I will remind everyone again that, while you have noble intention to help, please pay attention to the level of understanding of the person you are trying to help. It isn't about you, it is about the person who is asking the question. Spend a bit of effort in finding out what he/she can understand, and go from there.

The OP may contact me if he/she still has followup questions to this and wishes to reopen this thread.

Zz.
 

FAQ: Can you explain how time is not constant?

What is the concept of time dilation?

Time dilation is the phenomenon of time passing at different rates for observers in different frames of reference. This is due to the fact that time is not a constant and can be affected by factors such as gravity and velocity.

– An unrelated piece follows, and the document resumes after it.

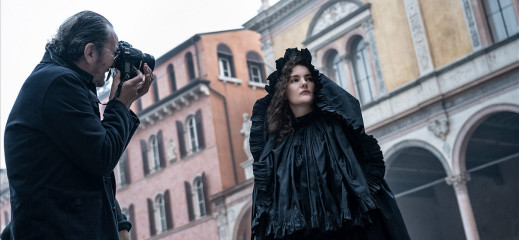 Paolo Roversi autorem kalendarza Pirelli na rok 2020. Zobaczcie zdjęcia zza kulis produkcji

How does gravity affect the passage of time?

According to Einstein's theory of relativity, gravity can cause time to slow down. This is because gravity bends the fabric of space-time, causing time to pass at a different rate for objects in different gravitational fields.

Can time be measured in the same way for everyone?

No, time cannot be measured in the same way for everyone because of the effects of both gravity and velocity on the passage of time. This means that two observers in different frames of reference will experience time differently.

How does the theory of relativity explain the concept of time being relative?

The theory of relativity explains that time is relative because it is affected by factors such as gravity and velocity. This means that time is not a constant and can vary depending on the frame of reference of the observer.

Is time travel possible?

While the concept of time travel is popular in science fiction, it is not currently possible according to our current understanding of physics. The theory of relativity does allow for the possibility of time travel, but it would require extraordinary amounts of energy and technology beyond our current capabilities.